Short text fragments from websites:
—————

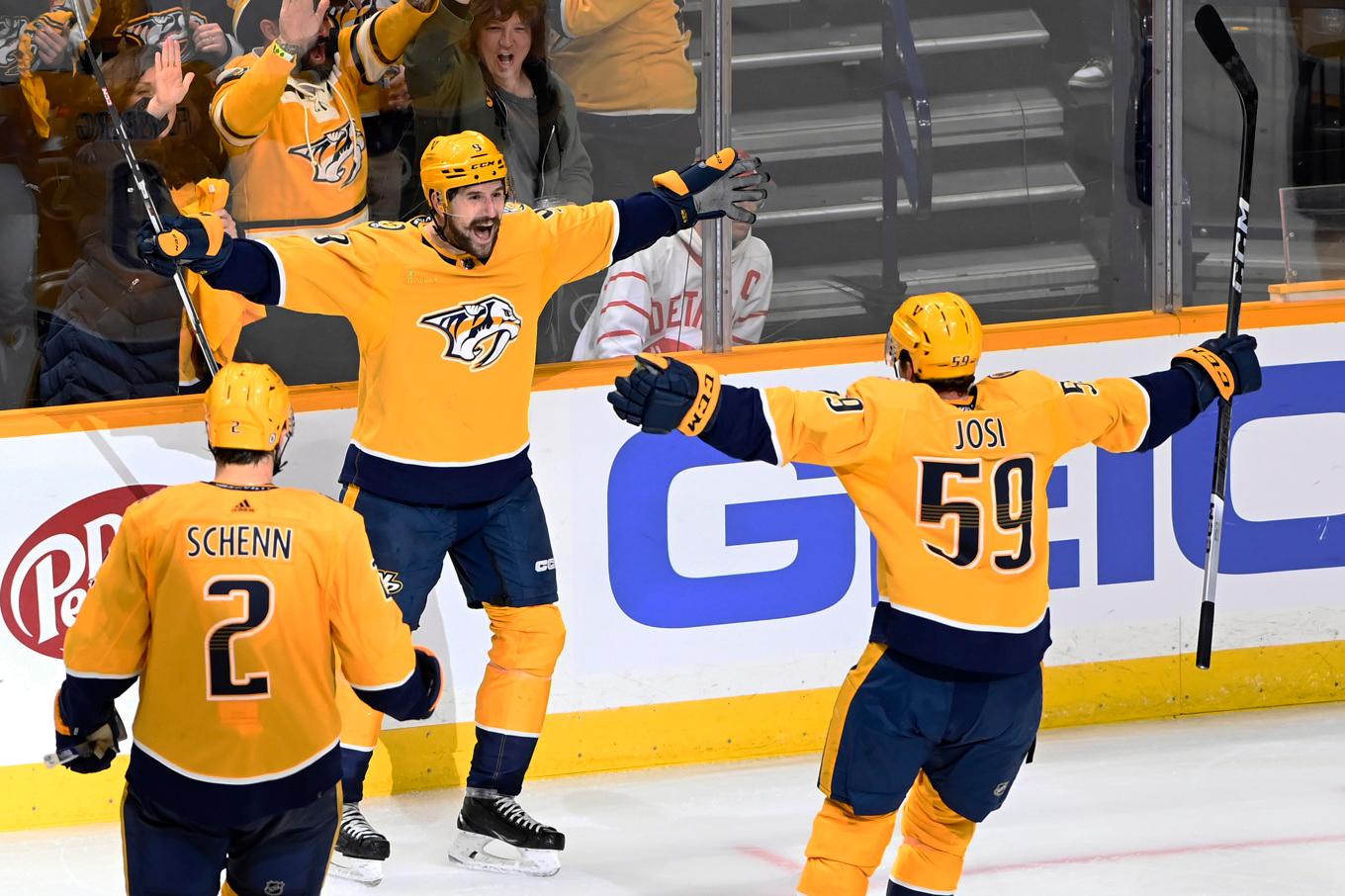 Nashvilles forward Filip Forsberg hade en helkväll i NHL-mötet med Detroit. Forsberg slogs och gjorde matchens enda mål när Nashville vann och förlängde en lång poängsvit. Foto: Mark Zaleski/AP/TT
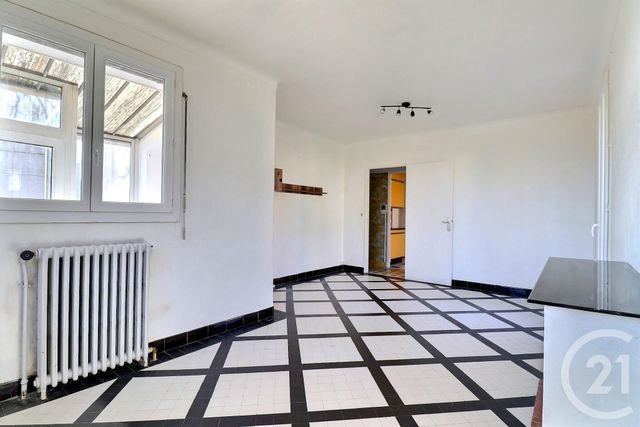 maison à vendre - 10 pièces - 162.09 m2 - FREJUS - 83 - PROVENCE-ALPES-COTE-D-AZUR - Century 21 Sud Habitat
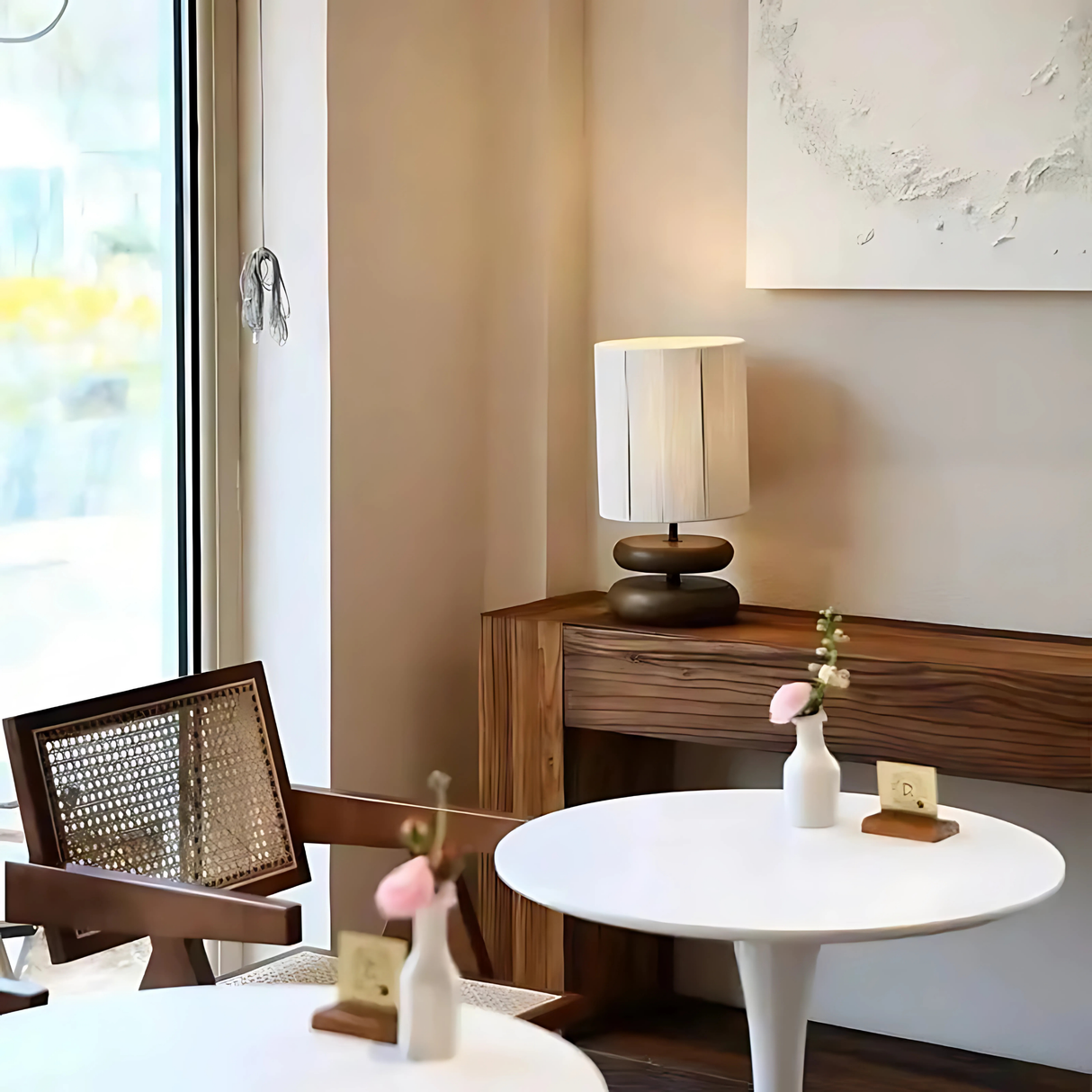 OtoGlow – Stilren Bordslampa i Modern Design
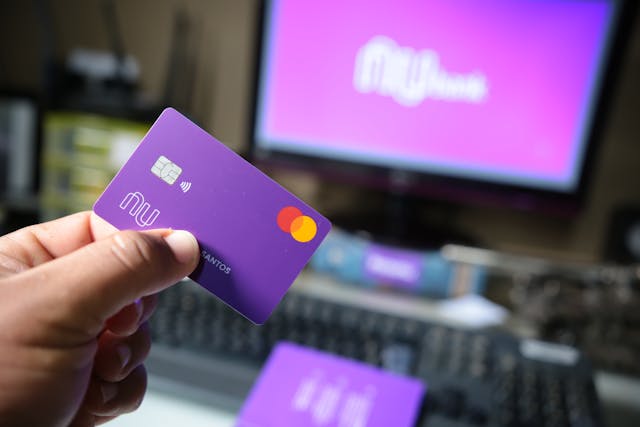 Novo alerta do Nubank protege sua conta contra ameaças digitais e golpes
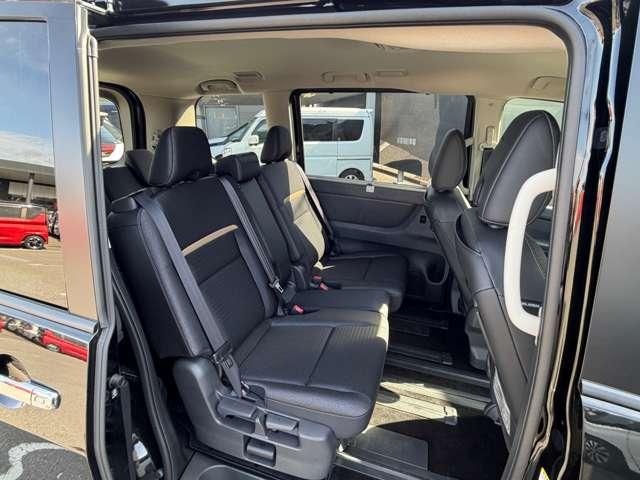 �Z�J���h�V�[�g�͍��E�œƗ��V�[�g�Ōl�ɍ��킹�ă��N���C�j���O���܂肽���݂��o����̂ŉב䂪�L���Ȃ�֗��Œ������h���C�u�����K�ɉ߂����Ē����܂�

—————

Work instruction
Only an exact copy belongs in the answer: the lines from the one containing "OtoGlow – Stilren Bordslampa i Modern Design" through the end of the records, both ends included, minus the pictures.

Response area
 OtoGlow – Stilren Bordslampa i Modern Design
 Novo alerta do Nubank protege sua conta contra ameaças digitais e golpes
 �Z�J���h�V�[�g�͍��E�œƗ��V�[�g�Ōl�ɍ��킹�ă��N���C�j���O���܂肽���݂��o����̂ŉב䂪�L���Ȃ�֗��Œ������h���C�u�����K�ɉ߂����Ē����܂�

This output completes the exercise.